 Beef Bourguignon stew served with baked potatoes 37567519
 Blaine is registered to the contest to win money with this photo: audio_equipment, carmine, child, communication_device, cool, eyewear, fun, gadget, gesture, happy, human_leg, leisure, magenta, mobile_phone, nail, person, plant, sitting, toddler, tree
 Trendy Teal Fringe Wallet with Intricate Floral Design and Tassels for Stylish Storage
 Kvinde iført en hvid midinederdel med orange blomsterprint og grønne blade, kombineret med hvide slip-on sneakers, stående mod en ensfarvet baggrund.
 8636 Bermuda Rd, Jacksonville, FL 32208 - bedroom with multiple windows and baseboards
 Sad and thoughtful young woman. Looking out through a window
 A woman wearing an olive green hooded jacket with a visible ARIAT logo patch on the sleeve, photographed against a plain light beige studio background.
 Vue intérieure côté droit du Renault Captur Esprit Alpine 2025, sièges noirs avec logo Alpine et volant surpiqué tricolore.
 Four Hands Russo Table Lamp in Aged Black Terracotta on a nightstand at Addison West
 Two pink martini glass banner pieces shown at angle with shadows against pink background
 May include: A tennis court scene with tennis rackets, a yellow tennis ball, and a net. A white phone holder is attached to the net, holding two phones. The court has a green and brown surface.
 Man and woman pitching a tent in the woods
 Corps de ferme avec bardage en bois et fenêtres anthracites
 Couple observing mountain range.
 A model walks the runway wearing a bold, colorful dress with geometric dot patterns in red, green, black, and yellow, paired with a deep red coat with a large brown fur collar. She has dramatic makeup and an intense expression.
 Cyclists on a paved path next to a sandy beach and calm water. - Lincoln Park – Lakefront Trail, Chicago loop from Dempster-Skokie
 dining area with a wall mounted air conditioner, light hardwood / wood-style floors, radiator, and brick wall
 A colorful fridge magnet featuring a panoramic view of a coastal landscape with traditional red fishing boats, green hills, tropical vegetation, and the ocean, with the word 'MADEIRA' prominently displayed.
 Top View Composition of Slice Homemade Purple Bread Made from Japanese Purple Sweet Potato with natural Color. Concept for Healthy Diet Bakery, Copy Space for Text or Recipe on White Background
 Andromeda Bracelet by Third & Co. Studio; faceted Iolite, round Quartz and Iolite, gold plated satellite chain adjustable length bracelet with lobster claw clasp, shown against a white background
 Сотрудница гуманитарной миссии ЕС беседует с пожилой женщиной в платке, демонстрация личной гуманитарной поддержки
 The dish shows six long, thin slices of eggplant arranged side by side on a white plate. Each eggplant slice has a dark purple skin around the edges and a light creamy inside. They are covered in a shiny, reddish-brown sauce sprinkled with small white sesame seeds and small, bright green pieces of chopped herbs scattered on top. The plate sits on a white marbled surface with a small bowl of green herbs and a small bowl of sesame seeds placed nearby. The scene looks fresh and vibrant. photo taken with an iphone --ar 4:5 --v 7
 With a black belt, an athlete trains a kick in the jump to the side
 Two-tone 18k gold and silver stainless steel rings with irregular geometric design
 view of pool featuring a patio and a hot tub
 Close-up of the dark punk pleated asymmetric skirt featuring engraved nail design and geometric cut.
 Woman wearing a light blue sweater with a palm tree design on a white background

ABOUT THIS EXERCISE: Quote exactly the stretch of lines above that starts at the first one and ends at the line with "Sad and thoughtful", and nothing beyond it.

THE ANSWER:
 Beef Bourguignon stew served with baked potatoes 37567519
 Blaine is registered to the contest to win money with this photo: audio_equipment, carmine, child, communication_device, cool, eyewear, fun, gadget, gesture, happy, human_leg, leisure, magenta, mobile_phone, nail, person, plant, sitting, toddler, tree
 Trendy Teal Fringe Wallet with Intricate Floral Design and Tassels for Stylish Storage
 Kvinde iført en hvid midinederdel med orange blomsterprint og grønne blade, kombineret med hvide slip-on sneakers, stående mod en ensfarvet baggrund.
 8636 Bermuda Rd, Jacksonville, FL 32208 - bedroom with multiple windows and baseboards
 Sad and thoughtful young woman. Looking out through a window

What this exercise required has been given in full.